Please set down the lines of the listing exactly, from its first line to the line with "Thanksgiving Joy Burst", leaving the pictures out.

=== Section Start ===

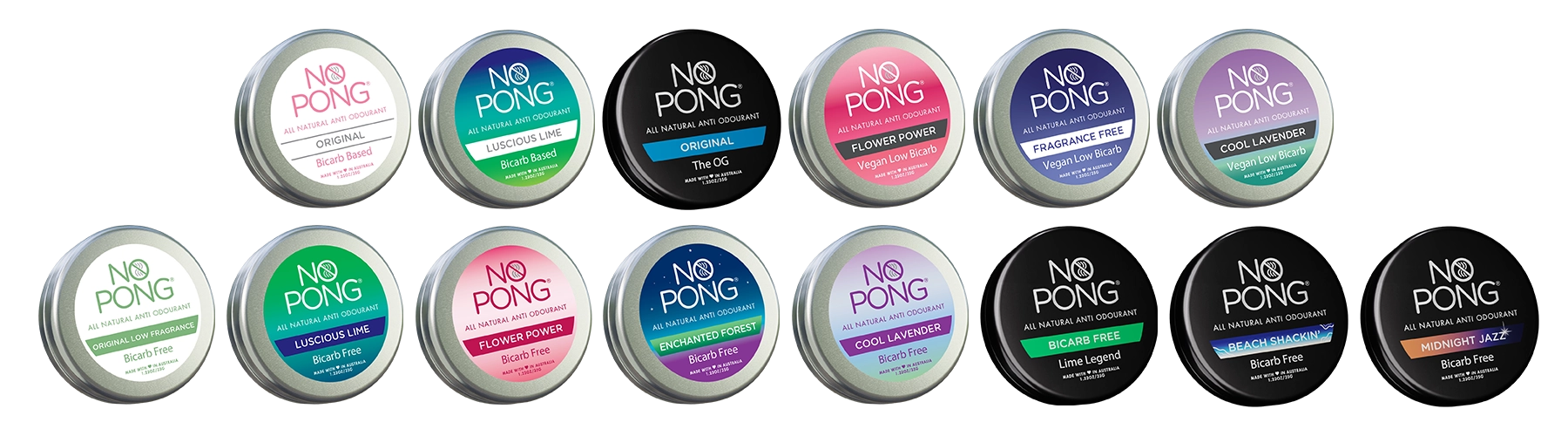 Every No Pong tin in the range, laid out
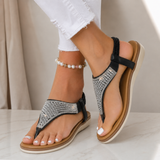 Stella | Sandales Scintillantes Strass Bout Japonais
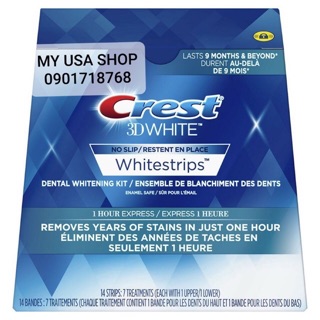 Miếng dán trắng răng Crest ❤️ Miếng dán răng Crest 3D White 1 Hour Express/Whitestrips Gentle Routine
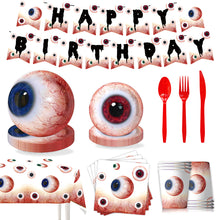Load image into Gallery viewer, Halloween Eyeball Theme Party Supplies Set Scary Disposable Tableware Kit Plates/Napkins/Banner/Tablecloth Decor All-in-One Pack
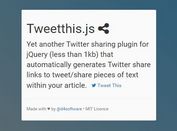 jQuery Plugin To Tweet Quotes From Your Articles - Tweetthis.js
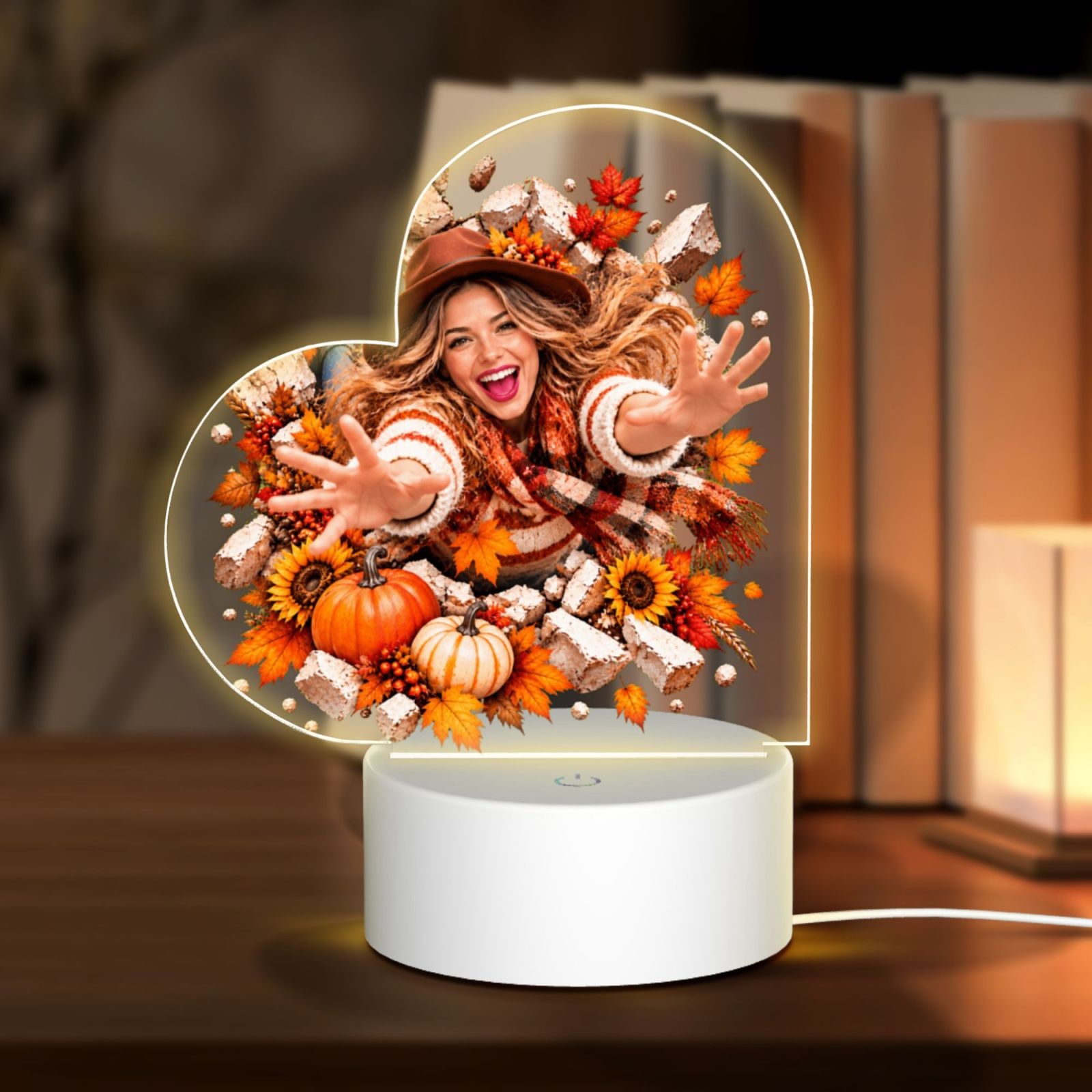 Thanksgiving Joy Burst Heart Acrylic Night Light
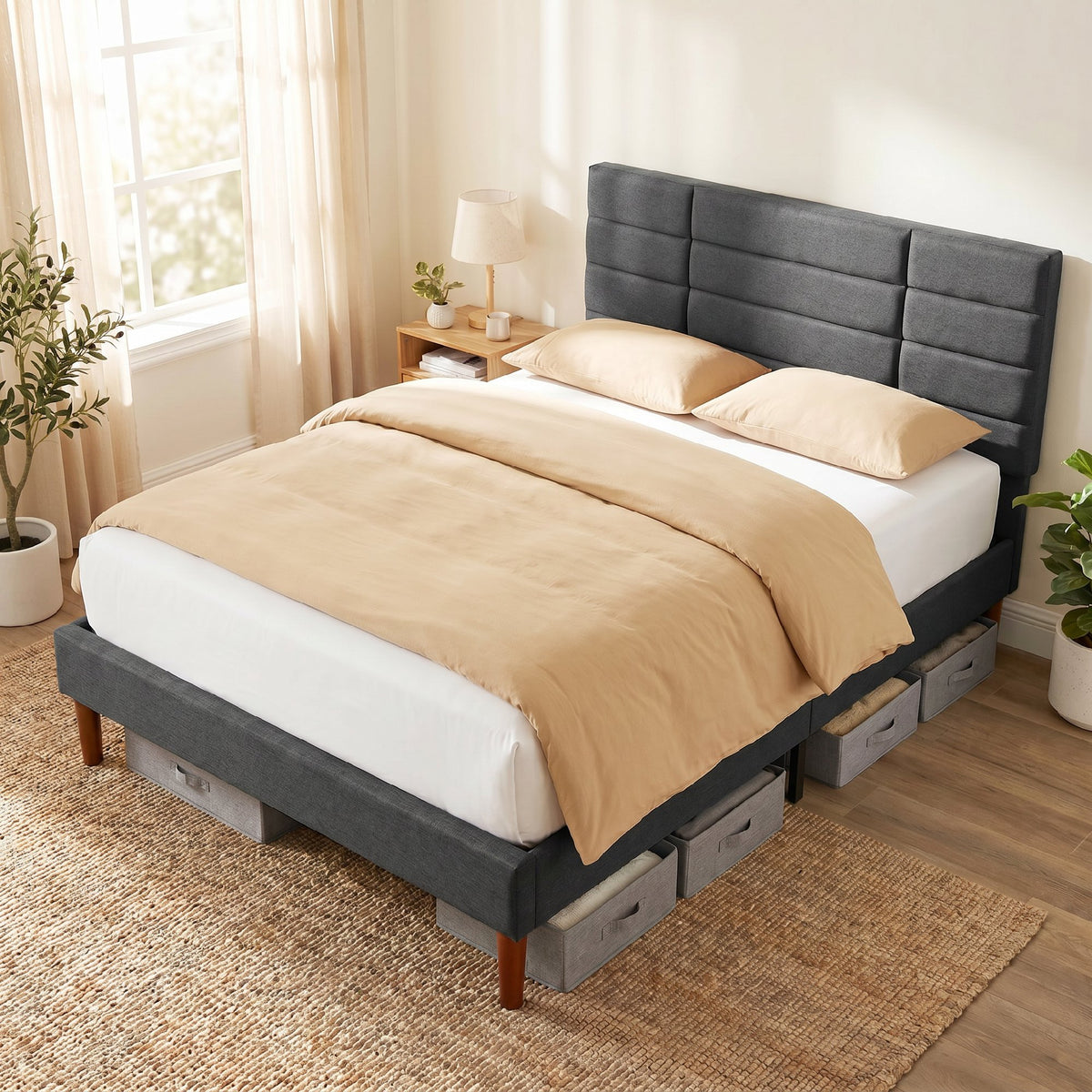 Cadre de Lit 140 x 200 cm avec Sommier Bois, Lit Double Rembourré en Effet Lin, Rangement au-dessous, Sans Bruit, Gris-8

=== Section End ===

■ Result ■
 Every No Pong tin in the range, laid out
 Stella | Sandales Scintillantes Strass Bout Japonais
 Miếng dán trắng răng Crest ❤️ Miếng dán răng Crest 3D White 1 Hour Express/Whitestrips Gentle Routine
Load image into Gallery viewer, Halloween Eyeball Theme Party Supplies Set Scary Disposable Tableware Kit Plates/Napkins/Banner/Tablecloth Decor All-in-One Pack
 jQuery Plugin To Tweet Quotes From Your Articles - Tweetthis.js
 Thanksgiving Joy Burst Heart Acrylic Night Light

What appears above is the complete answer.